> [Problem statement]: The full listing is to be transcribed exactly, with each picture left out.

> [Collected material]:
[Start of Attachment]

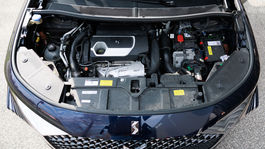 DS  7 4x4 - test 2024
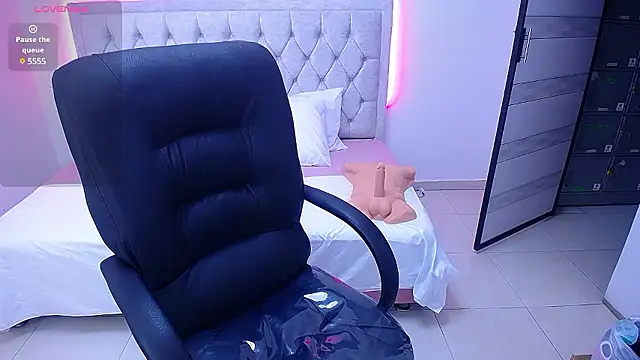 Amber hot22 online show from December 2024 10:08:02 PM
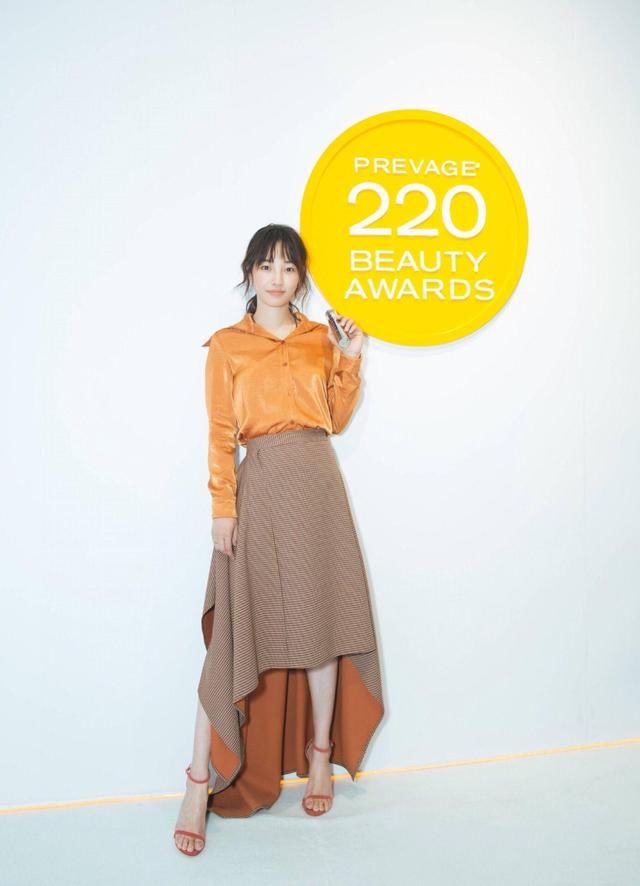 白百何这是咋啦，瘦的都脱相了 网友：人家范儿没脱样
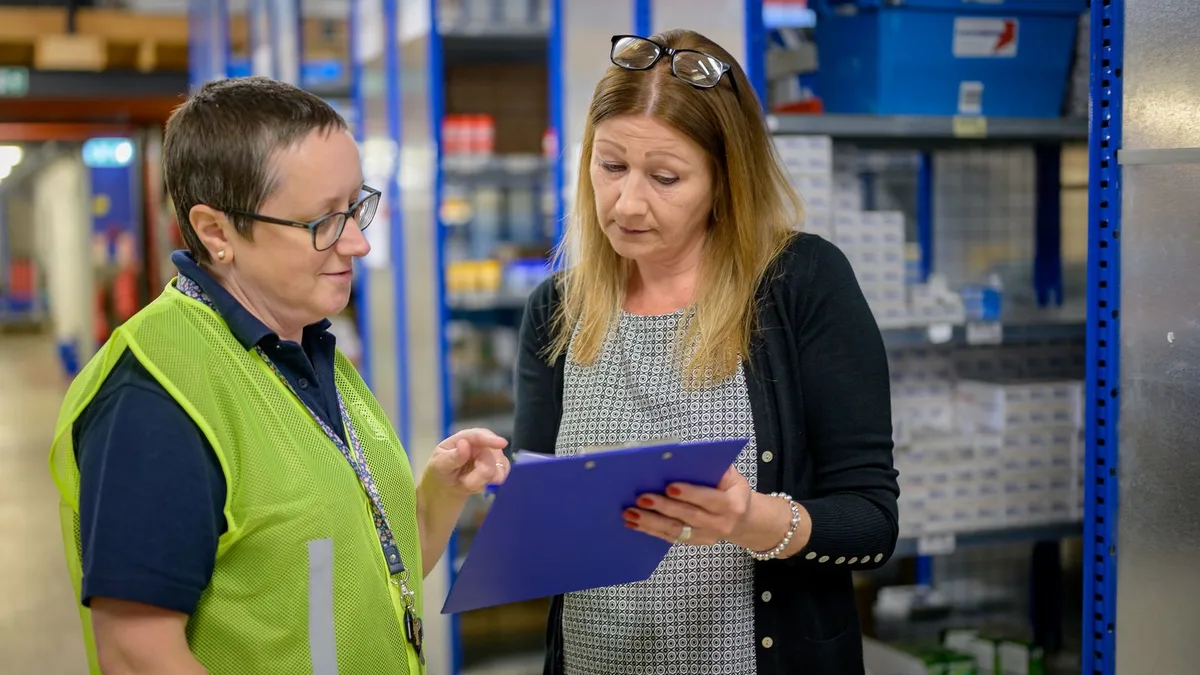 Comment vérifier un fournisseur à l'étranger — Une checklist pratique étape par étape pour évaluer un fournisseur étranger avant de vous engager.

[End of Attachment]

> [Result for this exercise]:
 DS  7 4x4 - test 2024
 Amber hot22 online show from December 2024 10:08:02 PM
 白百何这是咋啦，瘦的都脱相了 网友：人家范儿没脱样
 Comment vérifier un fournisseur à l'étranger — Une checklist pratique étape par étape pour évaluer un fournisseur étranger avant de vous engager.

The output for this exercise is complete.